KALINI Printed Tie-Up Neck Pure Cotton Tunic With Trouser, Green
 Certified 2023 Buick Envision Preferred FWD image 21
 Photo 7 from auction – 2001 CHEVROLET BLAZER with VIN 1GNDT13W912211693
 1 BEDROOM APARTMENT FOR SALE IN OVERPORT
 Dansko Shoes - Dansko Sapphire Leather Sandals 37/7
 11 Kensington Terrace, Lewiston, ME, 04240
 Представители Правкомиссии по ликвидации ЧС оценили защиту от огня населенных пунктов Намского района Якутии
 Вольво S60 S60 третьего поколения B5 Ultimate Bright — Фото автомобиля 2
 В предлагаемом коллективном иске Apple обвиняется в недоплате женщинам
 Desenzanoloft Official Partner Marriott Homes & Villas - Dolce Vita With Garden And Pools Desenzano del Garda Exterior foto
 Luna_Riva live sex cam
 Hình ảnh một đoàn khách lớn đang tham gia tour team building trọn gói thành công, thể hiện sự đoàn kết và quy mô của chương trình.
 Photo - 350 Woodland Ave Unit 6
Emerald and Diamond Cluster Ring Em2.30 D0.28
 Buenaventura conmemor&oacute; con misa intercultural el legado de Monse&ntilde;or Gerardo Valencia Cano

ABOUT THIS EXERCISE: Search the material for the word "Photo" and copy every matching line.

SOLUTION FOR THIS PROBLEM:
 Photo 7 from auction – 2001 CHEVROLET BLAZER with VIN 1GNDT13W912211693
 Photo - 350 Woodland Ave Unit 6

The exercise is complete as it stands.